6分後に理恵が綺麗な私服?に着替え、戻ってきた。

「すごいね・・・。ドレス・・・?」

「え・・・?ううん、私服だよ?」

すご・・・。

さすがお嬢様・・・。

・・・いいなぁ・・・。

一度でいいから着てみたい・・・。

あんなかわいい服ー・・・。

「・・・着てみる?」

「えっ。」

「いいよ。どれでも好きなの選んで着てみて。」

「え・・・でもそんなの悪いよ。」

「全然っ♪どれがいい?」

「・・・あ・・・じゃあ・・・」

カチャ・・・

「わ・・・かわいい・・・。」

お姫様みたいなピンクの服。

「あぁ、それ?私も可愛いから気に入ってるんだ♪ロリータ系だから靴はー・・・。」

「えっ、でもお気に入りなんでしょ?」

「いいの、いいの♪着て着て。ほら・・・。」

カチャン・・・

「はい♪」

「・・・あ・・・。」

「ほらっ♪着てみてよ。ぜっったい、可愛いわよ♪」

「・・・うん、じゃあちょっと着てみようかな・・・。
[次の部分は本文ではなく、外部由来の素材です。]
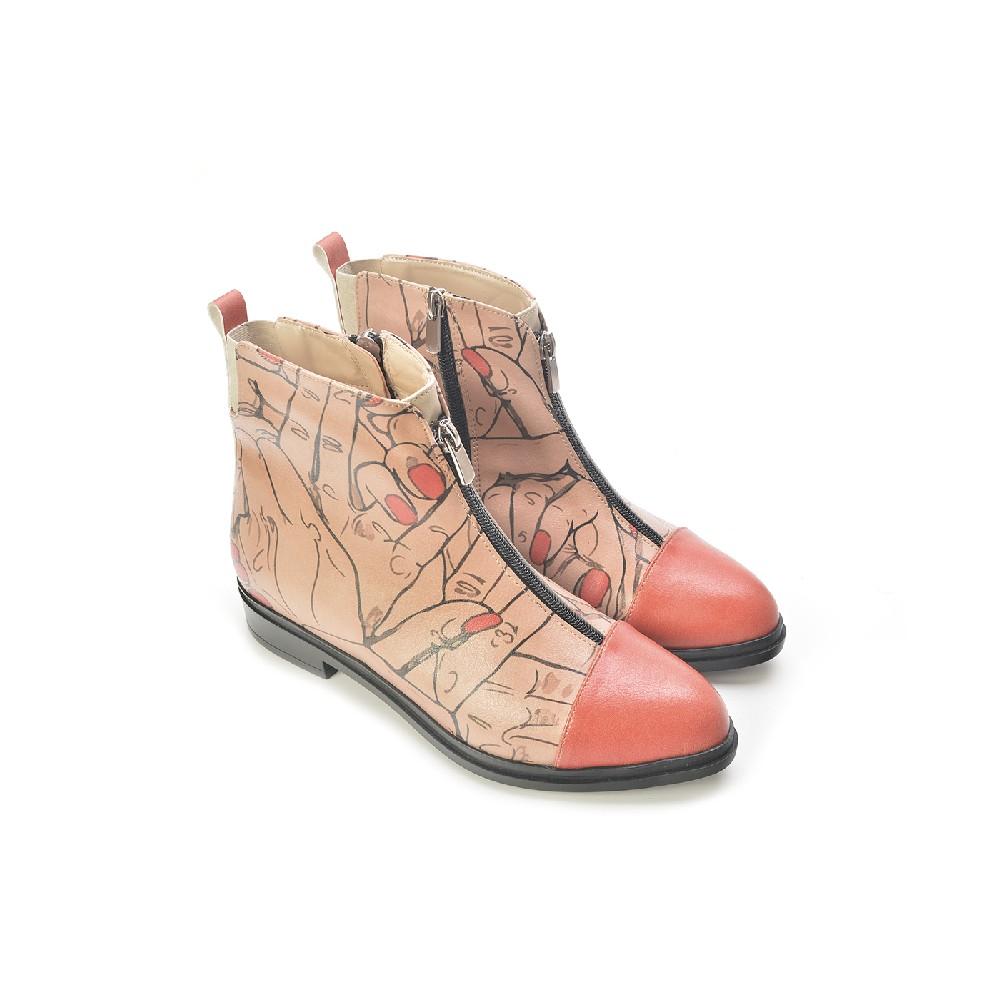 Ankle Boots Outlet - No Exchange or Return - 37 EU - 6.5 US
」

「うん♪」

  






かたん・・・

「今日はありがと・・・、理恵。なんかお姫様になったみたいで楽しかった・・・。」

「うん♪良かった。じゃあまた明日。」

「うん。ほんとにありがとう。おじゃましました。」

「うん。」

「じゃあね。」

・・・てくてく・・・






・・・くす・・・

「・・・馬鹿ねー・・・。」

そのとき理恵はそう呟いていた・・・。

  



次の日・・・

「おはよう。理恵♪」

「・・・・・・。」

フイッ・・・

「・・・理恵・・・?」

あ・・・れ・・・?

私の声・・・小さかった・・・?

「あのっ、理恵!おはよう・・・!」

「・・・・・・。」

「理恵っ、どうしー・・・。」

私は理恵の手を掴もうとした。

そのときー・・・

「さわらないで!!」

パシィ・・・!

「っ・・・。痛っ・・・。」

ざわざわ・・・

「どうしたのー?理恵。」

「・・・っ・・・じつは・・・私のお気に入りの服が破れてたの・・・。」

えっ・・・?!

「それは昨日・・・明里が試着した服なの。
・・・私のお気に入りの服だからっ、大切に扱ってって言ってたのにっ・・・。ひどいよ。・・・もういい。・・・服を大事にしない人とはもう友達でいたくない・・・。見たくもないわ・・・。」

・・・ドクンッ・・・

「はやく消えて。」

スタスタ・・・

「・・・りっ・・・。」

「これでもう味方はいないね。」

「・・・え・・・?」

「明里♪」

ぞくっ・・・・

・・・それから・・・味方のいなくなった私は・・・

毎日毎日・・・いじめられるようになった・・・。

誰も助けてくれない。

誰も話してくれない。

私はもう・・・ココロが限界まで来ていたー・・・。